[Items from a data source]
# # # #
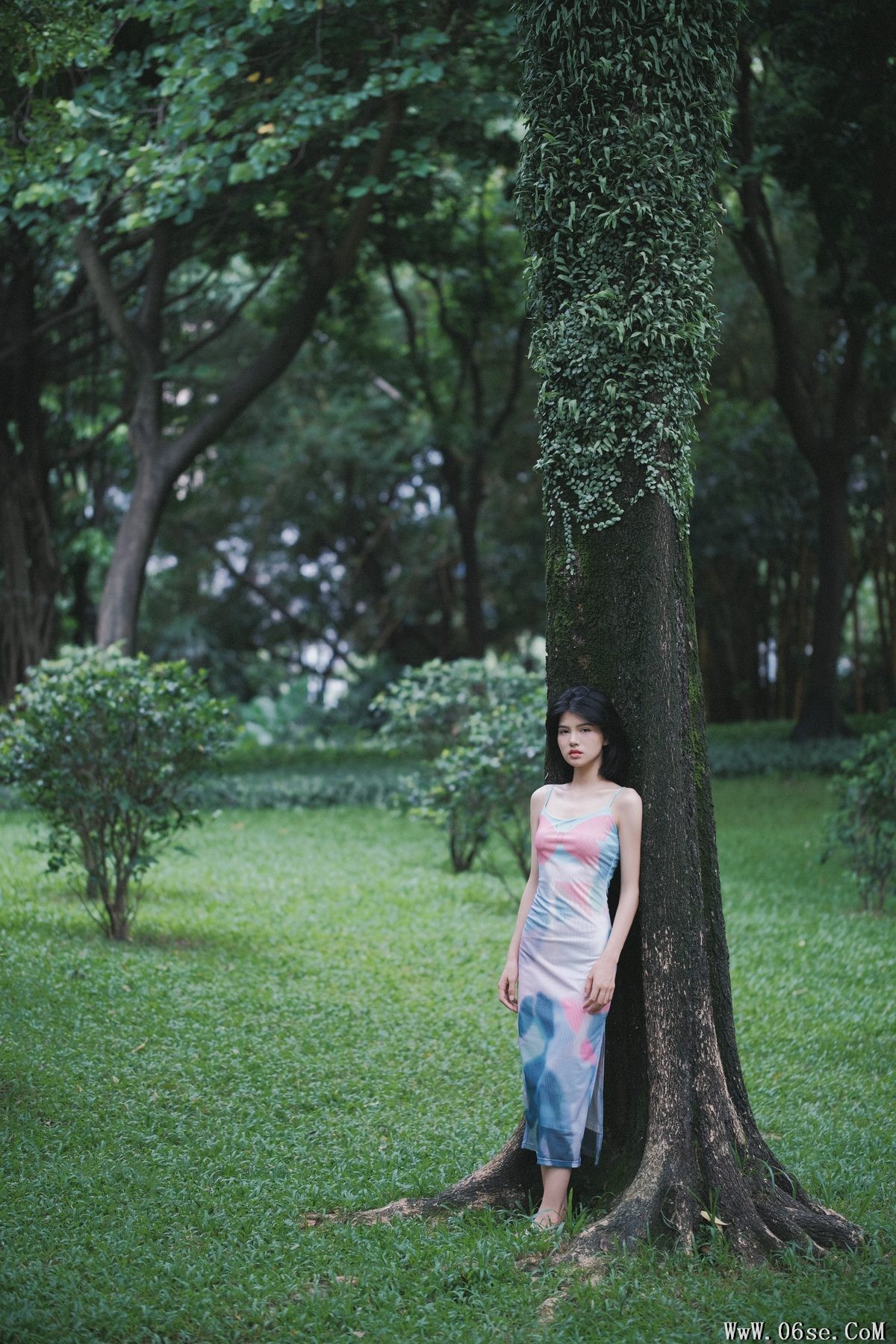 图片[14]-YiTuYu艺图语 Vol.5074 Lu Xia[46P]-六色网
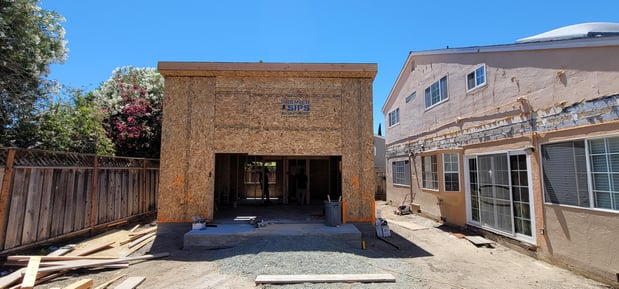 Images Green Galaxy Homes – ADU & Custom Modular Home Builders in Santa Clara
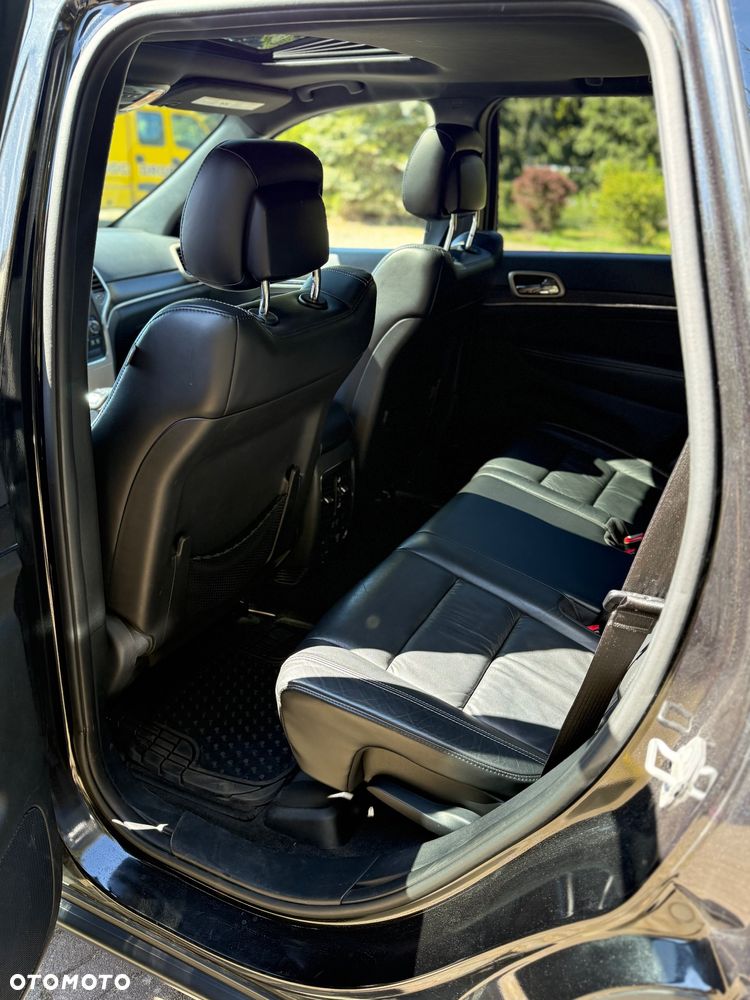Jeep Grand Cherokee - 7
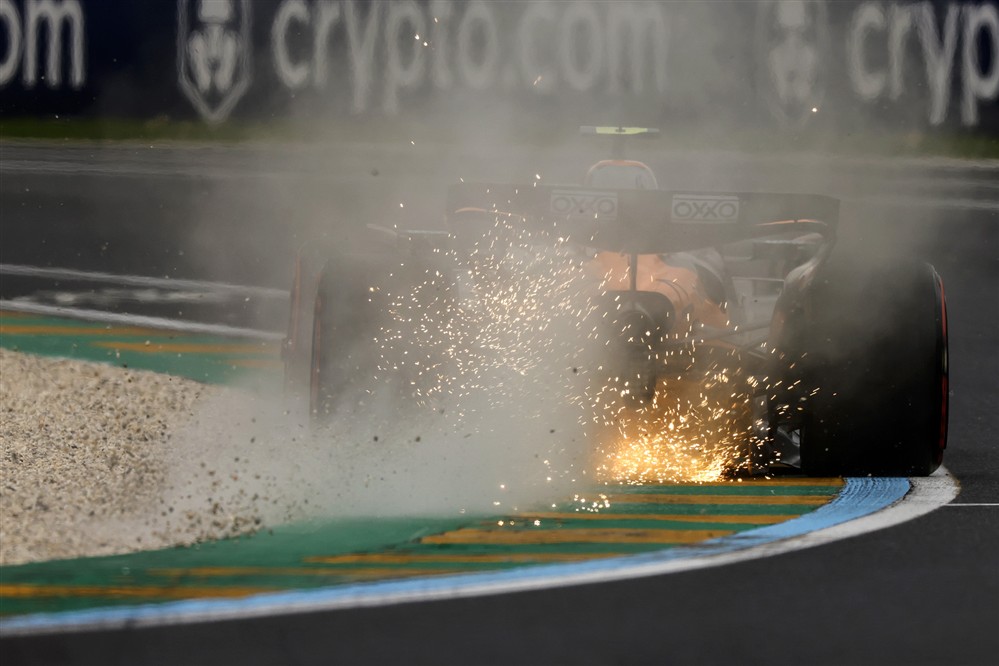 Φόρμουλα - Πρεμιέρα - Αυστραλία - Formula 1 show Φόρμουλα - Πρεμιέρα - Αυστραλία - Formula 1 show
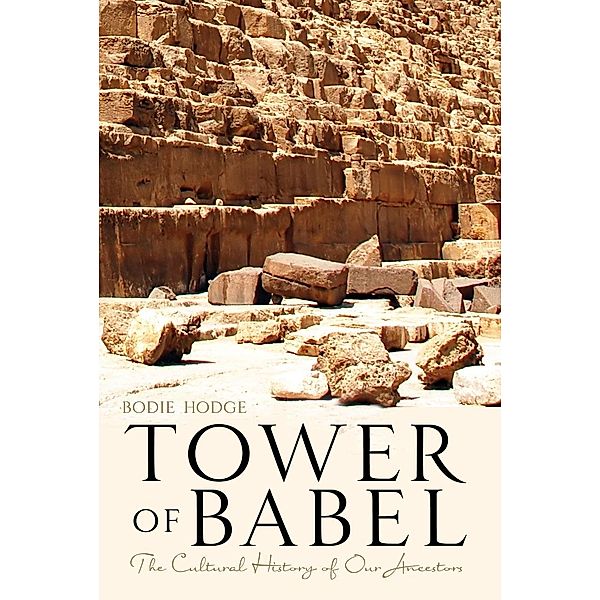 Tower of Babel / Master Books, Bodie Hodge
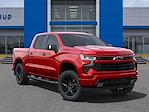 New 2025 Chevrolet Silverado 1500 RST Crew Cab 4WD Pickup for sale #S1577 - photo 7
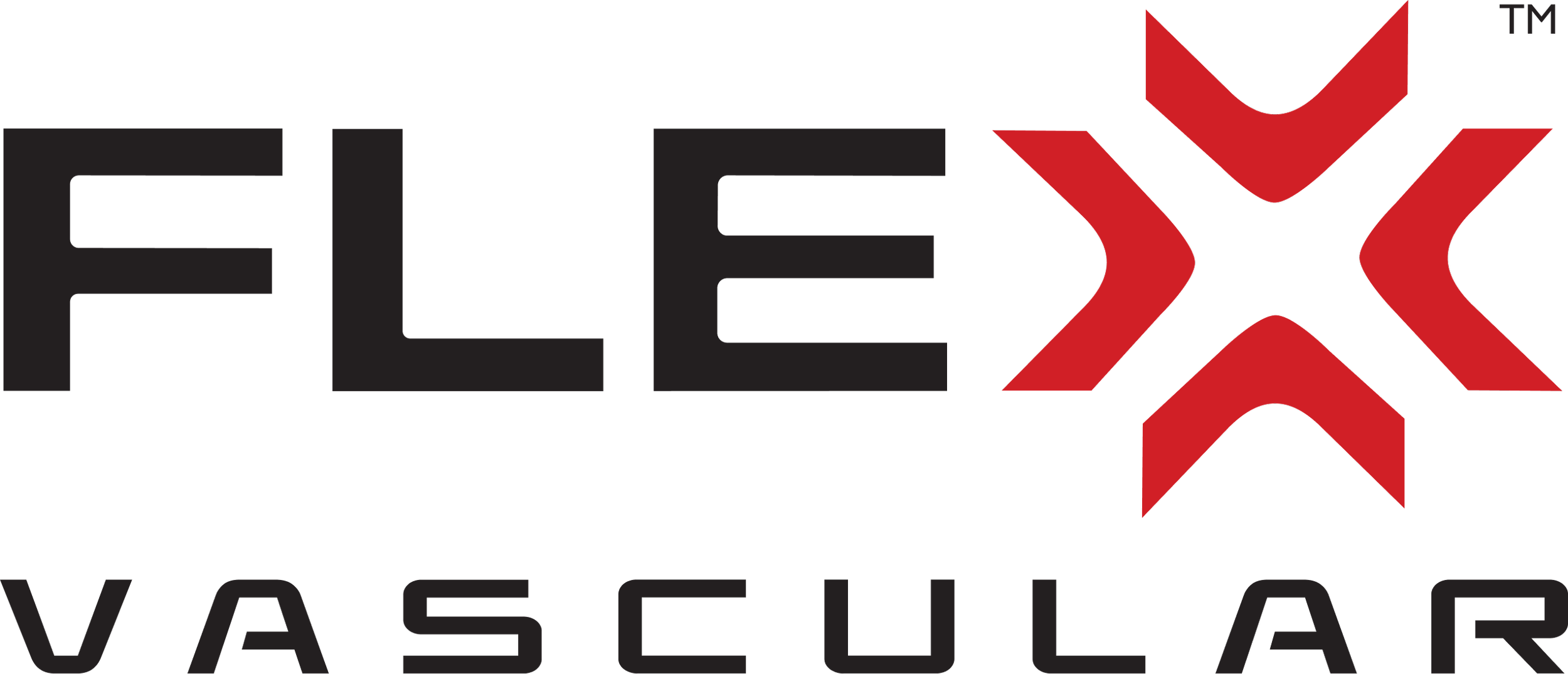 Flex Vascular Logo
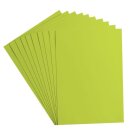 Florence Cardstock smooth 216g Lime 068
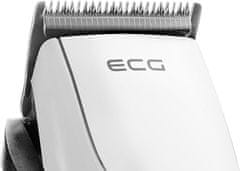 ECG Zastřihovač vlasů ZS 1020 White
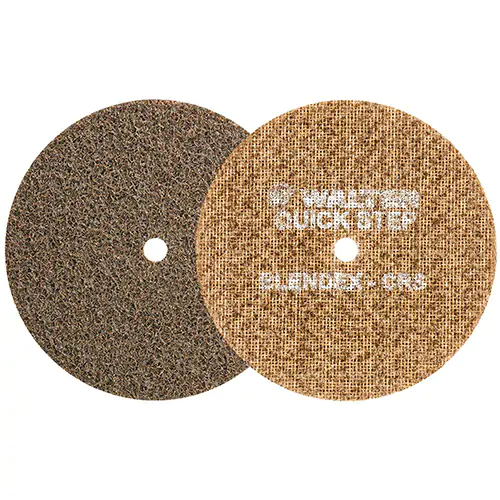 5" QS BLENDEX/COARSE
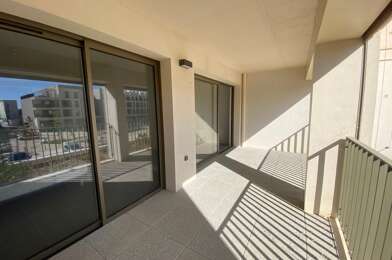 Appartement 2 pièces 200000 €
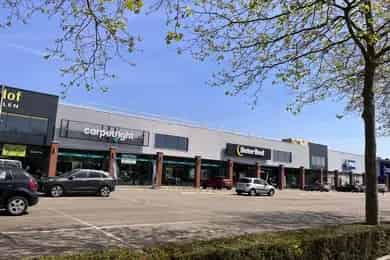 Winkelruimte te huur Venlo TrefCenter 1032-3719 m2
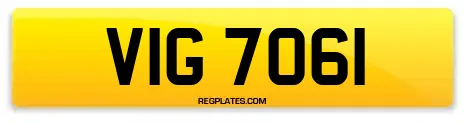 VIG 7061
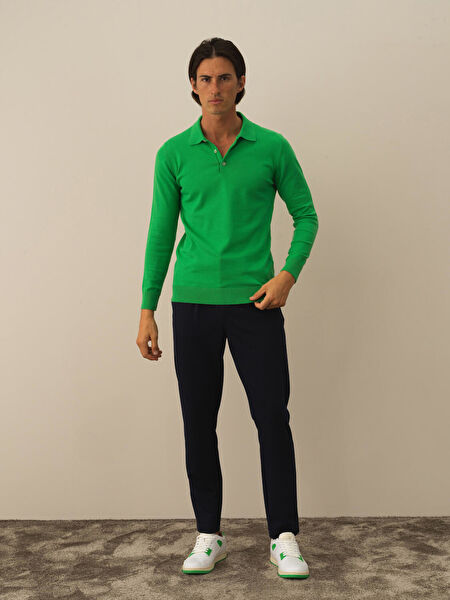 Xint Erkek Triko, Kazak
# # # #
§ ASSIGNMENT
The records above need to be copied exactly, though not their pictures.

§ RESULT
 图片[14]-YiTuYu艺图语 Vol.5074 Lu Xia[46P]-六色网
 Images Green Galaxy Homes – ADU & Custom Modular Home Builders in Santa Clara
Jeep Grand Cherokee - 7
 Φόρμουλα - Πρεμιέρα - Αυστραλία - Formula 1 show Φόρμουλα - Πρεμιέρα - Αυστραλία - Formula 1 show
 Tower of Babel / Master Books, Bodie Hodge
 New 2025 Chevrolet Silverado 1500 RST Crew Cab 4WD Pickup for sale #S1577 - photo 7
 Flex Vascular Logo
 Florence Cardstock smooth 216g Lime 068
 ECG Zastřihovač vlasů ZS 1020 White
 5" QS BLENDEX/COARSE
 Appartement 2 pièces 200000 €
 Winkelruimte te huur Venlo TrefCenter 1032-3719 m2
 VIG 7061
 Xint Erkek Triko, Kazak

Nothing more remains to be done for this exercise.